The Diawa BG series is an excellant reel. You can not go wrong with it. Its a tank and has been made sicne 1982 without change. That in itself makes a big statement for it.


----------



## steve grossman (Feb 1, 2008)

In the Keys, I go to Islamorada twice a year. Thye Bg-60 is the Predominant reel used when trolling ballyhoo for sailfish. They are used on mahi mahi in the spring and summer, and King Fish in the winter. I havae fished with the superstar Captains down there--Alex Adler on the Kalex, and many others..They love that reel.

So the answer is obvious, BUY THAT REEL. It will last forever, and get the job done, and most importantly, allow you to put a tank or two of gas in your car to get to the fishing spot of your choice.


----------



## Cerberus (Nov 1, 2007)

Fireline20 said:


> IEven though Daiwa makes newer technology reels( ie Emcast, Emblest, etc) I like the looks of the reel with the black frame and gold trim.
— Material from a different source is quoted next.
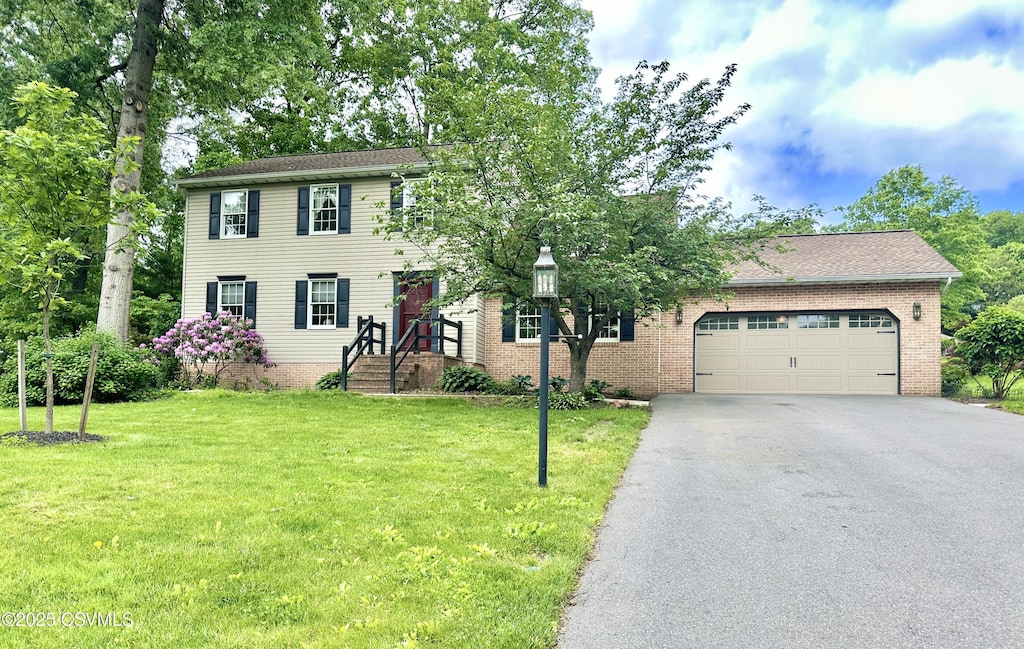 32 Lost Creek Dr, Selinsgrove, PA 17870 - colonial inspired home with asphalt driveway, a front lawn, an attached garage, and brick siding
All the reviews say that it seems to be a proven performer for years and I would like to add it to my collection of gear.
> 
> Comments welcom:fishing:


I have a BG 60 and a BG 15.

Ever notice how all the companies come out with new tricks and techy wonderreels that disappear after a year or two? 
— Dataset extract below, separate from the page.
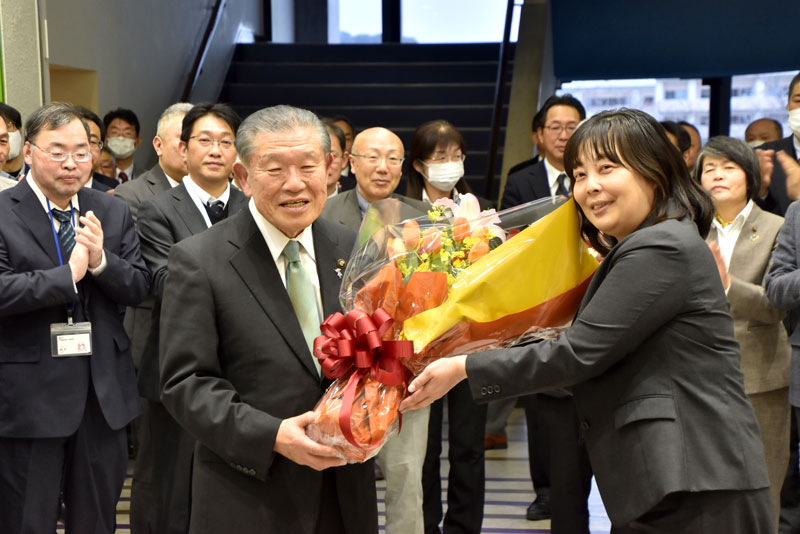 市職員から花束を贈られ笑顔を見せる長谷川氏（左）＝１１日、鴨川市役所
Then you have a reel that has been in production, unchanged, for over twenty years.

The only hard decision here is whether to buy just one...


----------



## JFord56 (Feb 5, 2008)

A BG60 is a great reel. I use to have one and my brother has one now on a 11' ugly stick. Tough outfit that will last. I still have 2 old SS4500's I know are 20 yrs old - still fine. (made just like the BG's except silver)


----------



## George Gravier (Oct 28, 1999)

About 10 years ago I watched a 12/13 year old kid land about a 55 pound cobia off sandbridge pier with a BG 90 and it did awesome, you cant go wrong,probly comparable to the old penn spinfisher z's tight lines..........geo


----------



## Wilber (May 20, 2003)

The BG (black and gold) series is bullet proof and if you do break something you can order a part and fix it yourself. I have used them in the surf for 20 years and still have the first one I ever bought. I think I have at least a dozen. 

PS If you are looking at used BG stay away from the self centering models from the past, they are terrible when you set the hook.


----------